How MSPs Can Expand Their Opportunities

Christine Kern

By Christine Kern, contributing writer

VAR consultant advisor

e-book offers four proven approaches to winning business for SMPs.

By Christine Kern, contributing writer

According to MarketsandMarkets research, the managed services market is projected to be worth $242.45 billion by 2021 at a Compound Annual Growth Rate (CAGR) of 10.8 percent during the forecast period. The growth is being driven by flexibility to match custom requirements, a continuous upsurge in dependency over heterogeneous networks, and a persistent rise in the complexity of technological solutions.

Meanwhile, MSPs must be prepared to offer both public and private cloud solutions to their clients in order to stay relevant as the hosted private cloud market is estimated to grow to $40 billion by 2019, according to the MSP Alliance.

Expand Your Opportunities: Four Proven Approaches to Winning Business in the Mid-market, written by David Weeks of Solarwinds, offers four proven approaches for MSPs willing to dive deeper and explore the mid-market to uncover a treasure trove of opportunities. Using the right strategy and plan MSPs can reap the benefits of higher-value and longer-term contracts, but it will require a different way of selling to, working with, and winning over prospective clients, as well as marketing strategies that speak to the diversified and specialized needs of mid-market companies.

MSPs should broaden their scope beyond mid-sized businesses to include larger business, because larger budgets mean bigger contracts.
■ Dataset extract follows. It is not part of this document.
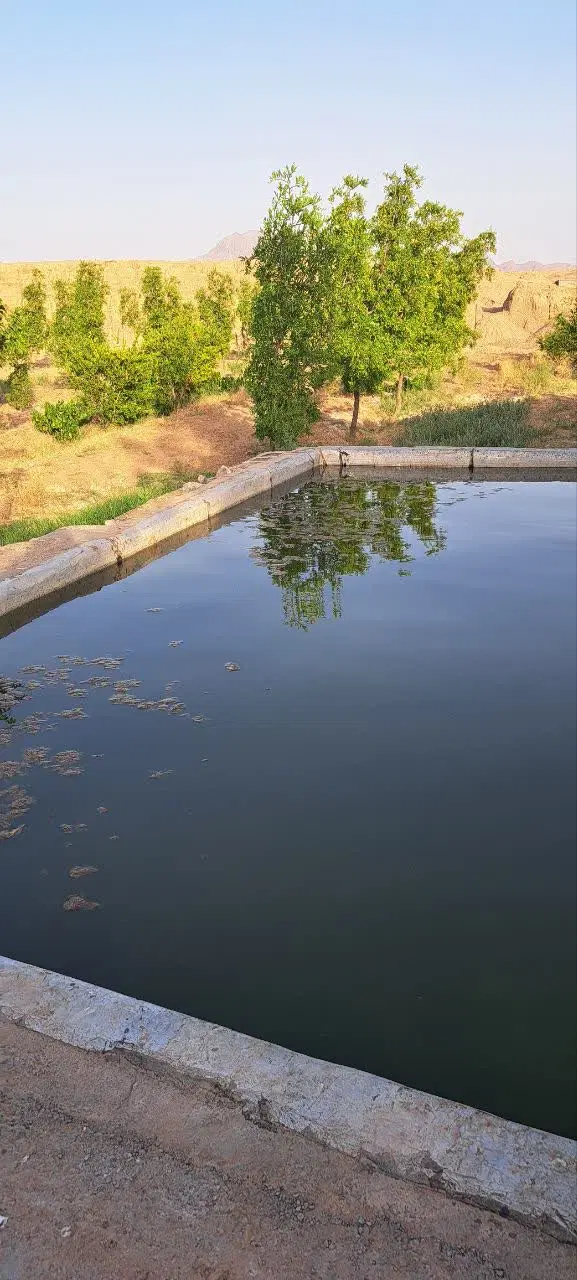 تصویر 10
Weeks writes, “As more and more services move to the cloud, the value of device-level management — the most common form of work within the SMB market — is waning.” That means MSPs need to find new sources of revenue to maintain their bottom line.

But the shift away from device-level management is also opening doors to new opportunities for MSPs who can differentiate themselves through specialized services and expertise, including the cloud. “As the internal IT teams of most mid-market companies tend to be generalists,” Weeks explained, “many businesses will need outside help making a smooth transition to the cloud. With the right approach, you could become their ‘virtual CIO,’ leveraging your skills and experience to help with all aspects of cloud application planning, implementation, and management — an opportunity that simply does not exist in the SMB market.”

Weeks presents four possible paths to entering the new market, including that of reseller, supplemental services provider, managed monitoring and reporting as a service provider, and mid-market managed services provider.

Changing or expanding audiences also requires a shift in marketing strategy to suit the new one. Be sure to do the research to assess the needs of the clients you are targeting and the capabilities of their internal IT teams. It is also crucial to win over the internal team by demonstrating how you can help automate or streamline their daily tasks.

Knowing your audience is also imperative, which means setting aside the marketing strategies you use to sell to SMBs. Focus your pitch to highlight how your services and solutions will best meet their needs. Specialization, flexing your unique skillset, can also be a huge asset in the mid-market where larger budgets and workloads result in greater willingness to pay for services that SMBs cannot, particularly cloud services. And ultimately, your approach should be complementary, underscoring that you are there to help support the internal IT team, not supplant it.